Market & Investing Wisdoms For 2020

Last week, I posted our 2020 Outlook, which focused on the futility of trying to predict the future and the understanding of the current market risks headed into the next decade:

“The reality is that we can’t control outcomes. The most we can do is influence the probability of certain outcomes through the management of risks, and investing based on probabilities, rather than possibilities, which is important to capital preservation and investment success over time.

So, as we head into 2020, here is a short-list of the things we are either currently hedging portfolios against, or will potentially need to:

  1. China fails to comply with the terms of the “Phase One” trade deal, which reignites the trade war.
  2. Earnings growth fails to recover, and valuations finally become a concern for the markets.
  3. Corporate profits, which have been essentially flat since 2014, deteriorate due to slower economic growth both domestically and globally.
  4. Excessively high consumer confidence converges with low levels of CEO Confidence as employment begins to weaken.
  5. Interest rates rise, which trips up heavily leveraged consumers and corporations.
  6. Investors become concerned about excess valuations.
  7. A credit-related event causes a market liquidity crunch. (Convent-Lite, Leveraged Loans, BBB-rated downgrades all pose a potential threat)
  8. The Fed’s “repo-crisis” continues to grow and turns out to be something much more significant.
  9. Similar to 2016, a shocking election result.”

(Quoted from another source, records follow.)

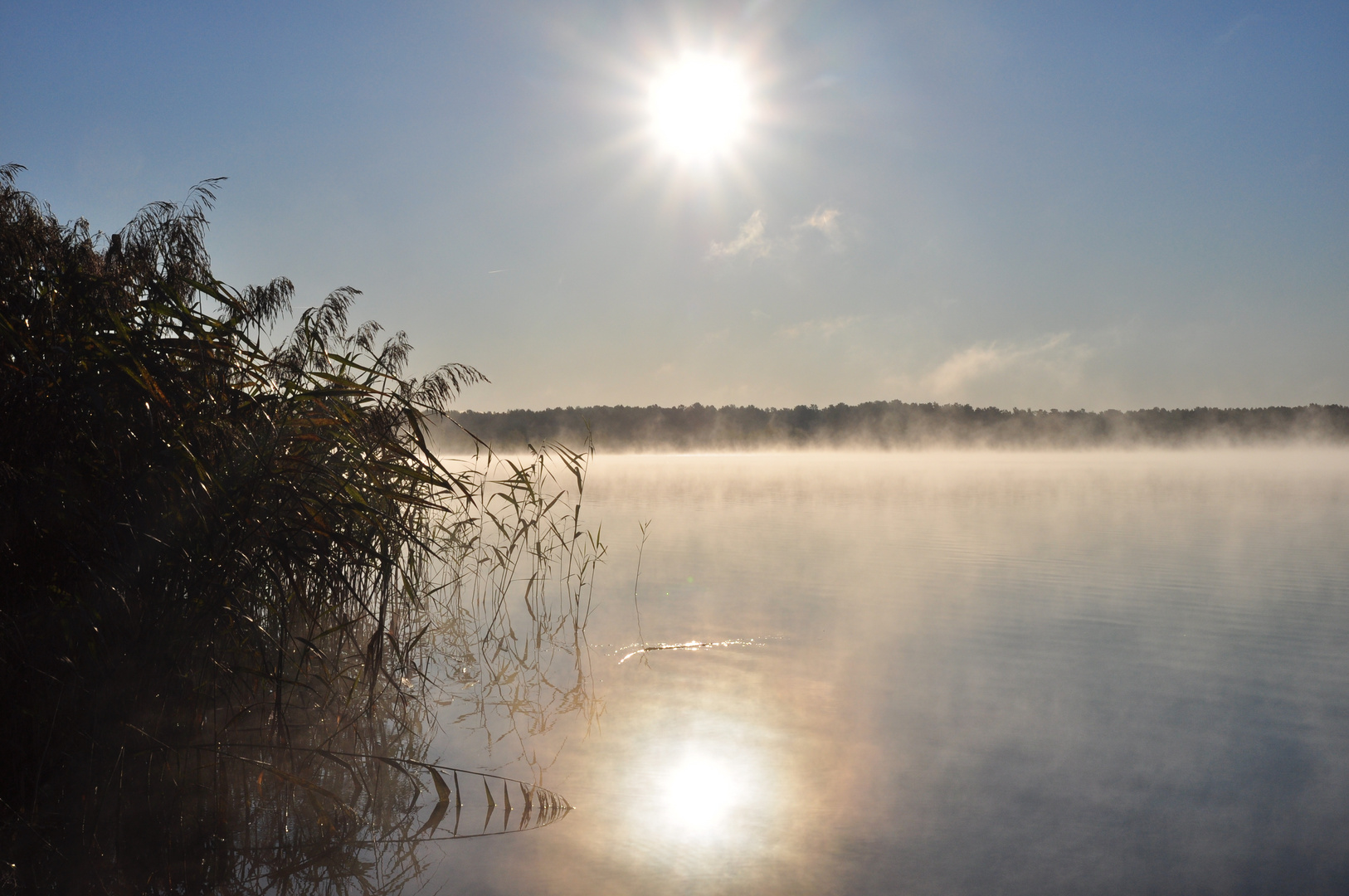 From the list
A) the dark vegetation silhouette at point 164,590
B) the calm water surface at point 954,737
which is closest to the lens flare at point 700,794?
the calm water surface at point 954,737

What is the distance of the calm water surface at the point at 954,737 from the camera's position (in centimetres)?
312

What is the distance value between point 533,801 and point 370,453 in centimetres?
157

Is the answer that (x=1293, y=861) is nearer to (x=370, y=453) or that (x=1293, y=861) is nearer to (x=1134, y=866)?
(x=1134, y=866)

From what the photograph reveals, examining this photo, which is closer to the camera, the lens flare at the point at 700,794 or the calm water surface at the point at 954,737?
the calm water surface at the point at 954,737

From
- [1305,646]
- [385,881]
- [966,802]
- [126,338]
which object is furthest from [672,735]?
[1305,646]

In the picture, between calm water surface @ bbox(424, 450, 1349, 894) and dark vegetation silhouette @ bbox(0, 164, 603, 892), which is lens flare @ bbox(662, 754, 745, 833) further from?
→ dark vegetation silhouette @ bbox(0, 164, 603, 892)

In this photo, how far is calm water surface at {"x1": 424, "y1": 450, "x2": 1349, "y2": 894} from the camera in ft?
10.2

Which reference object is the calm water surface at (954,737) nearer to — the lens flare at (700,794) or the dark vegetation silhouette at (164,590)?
the lens flare at (700,794)

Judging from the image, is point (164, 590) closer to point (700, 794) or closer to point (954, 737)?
point (700, 794)

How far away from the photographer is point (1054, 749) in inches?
164

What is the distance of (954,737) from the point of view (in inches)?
172

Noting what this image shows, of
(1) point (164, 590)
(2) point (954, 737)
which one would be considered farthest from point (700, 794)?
(1) point (164, 590)

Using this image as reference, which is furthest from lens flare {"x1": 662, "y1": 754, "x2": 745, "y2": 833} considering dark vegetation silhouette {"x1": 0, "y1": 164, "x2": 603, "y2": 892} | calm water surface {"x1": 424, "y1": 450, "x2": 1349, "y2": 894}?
dark vegetation silhouette {"x1": 0, "y1": 164, "x2": 603, "y2": 892}

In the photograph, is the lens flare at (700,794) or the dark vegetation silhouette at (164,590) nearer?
the dark vegetation silhouette at (164,590) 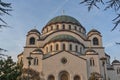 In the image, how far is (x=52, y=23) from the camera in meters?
54.9

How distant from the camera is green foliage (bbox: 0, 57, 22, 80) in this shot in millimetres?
23680

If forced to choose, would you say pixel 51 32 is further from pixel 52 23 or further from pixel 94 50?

However, while the media looks to every headline as a reason to buy stocks, the reality is investing is about both the buying and the selling.

As an investor, advisor, or portfolio manager, it is important to become divorced from day-to-day headlines, and focus on the investment process and risk management of portfolios. A good place to start is by looking at the wisdom of other successful investors and learning from their experience.

These wisdoms were born out of years of mistakes, miscalculations and trial-and-error. Of course, what made them all successful was the ability to learn from their mistakes and capitalize on that knowledge in the future. Experience is an expensive commodity to acquire which is why it is always cheaper to learn from the mistakes of others.